Other hawkers prefer to keep the convivial atmosphere of the hawker centre alive, preferring to interact with diners rather than delivery drivers, and to accept cash on the spot—a choice that allows them to avoid having to grapple with new technology, and helps them to keep their prices low as they take 100% of the payment, and do not have to pay commission fees to online food delivery companies.

Hawkers with the financial means to weather the storm may survive without needing to change their business model too radically, but others may have to be prepared to find ways to adapt in order to boost their earnings. As Phase 2 is currently expected to continue for months, hawkers looking to recoup losses or find alternative ways to bring in more income may need to explore digital solutions.

  1. Taking up e-payment solutions

While an e-payment solution may not seem like a way to earn money, hawkers who are struggling to make ends meet may wish to take advantage of special financial incentives provided by the IMDA to take up contactless payment. Hawkers who sign up for this initiative before 31 December 2020 can enjoy cash rewards of up to $1,500 ($300 per month, over a period of five months). Through this initiative, stallholders will be provided with unique SGQR labels for their stall. If they demonstrate a sustained use of said QR code and contactless payment by completing at least 20 transactions per month, they will get a $300 bonus in the following month.  

  1. Evaluate delivery options

Some stallholders are leery of partnering with food delivery companies, and there’s good reason for this. Some of the most popular companies like Deliveroo, Grab, or Foodpanda tend to charge higher commission fees for their services.

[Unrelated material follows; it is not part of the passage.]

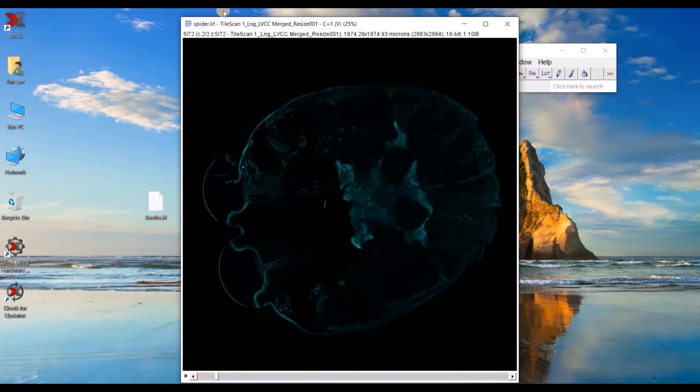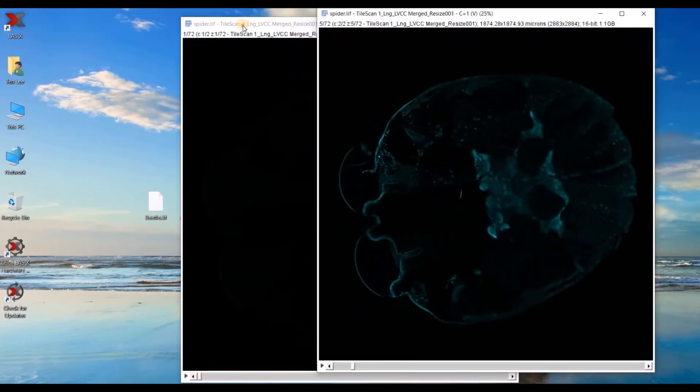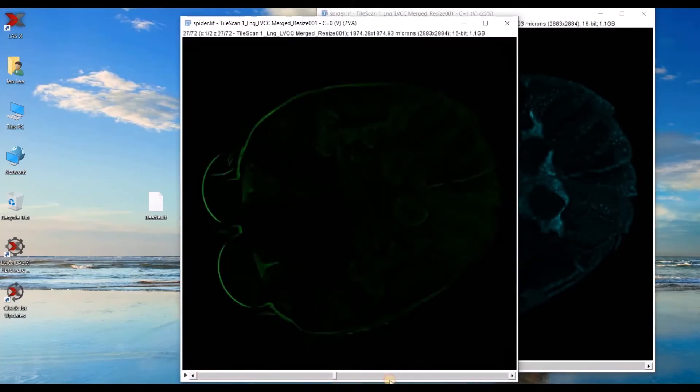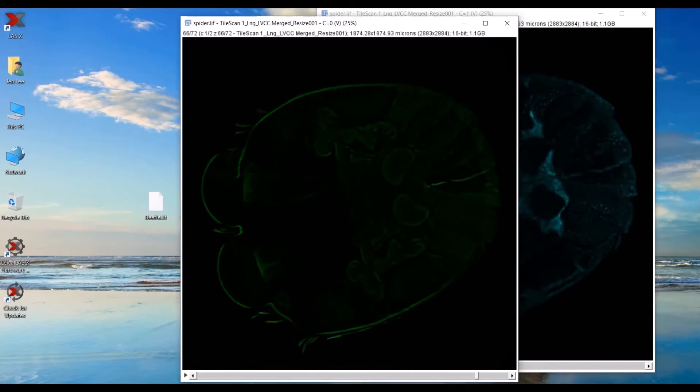You can always change the brightness or contrast if you need to. And then in my other channel, same thing. As I scroll through, I can see my second channel.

Hawkers who typically charge a few dollars per meal are unable to lose up to 30% of their revenue on commission. Raising their prices is also not a viable solution for them as it may disappoint their regulars. However, there are alternative platforms and digital solutions that hawkers can rely on to boost their business. Take.sg, for example, is a simple website that capitalises on the popular Whatsapp app that many are already familiar with, allowing them to take orders online from customers islandwide and make their own delivery arrangements. BySGForSG is another option with extremely competitive rates. The non-profit group is free to join and charges a meagre 5% commission per bill, where 100% of that 5% is donated to charity. The hawker will pay fixed delivery fees of $3 for islandwide delivery to their customers, while the customer tops up an additional $5, thereby providing the delivery driver with $8 in total.

  1. Obtain tech support

Starting from September 2020, people who are having trouble with their digital devices will be able to obtain help from any of the 46 planned SG Digital community hubs around Singapore. Five of these hubs, located at Tampines, Bedok, Macpherson, Redhill, and Clementi, are already in operation today. The hubs will be staffed with Digital Ambassadors who will help to teach the public to use technology, though seniors and hawkers will be prioritised. The help centres will be located at community centres and public libraries all around Singapore, and will provide one-to-one coaching in using technology. Tier 1 services are intended to help people learn to use basic communication tools, such as Whatsapp. Tier 2 services will involve learning how to use digital services provided by the Government, such as the use of SingPass Mobile, and tier 3 services will involve learning how to use e-payment.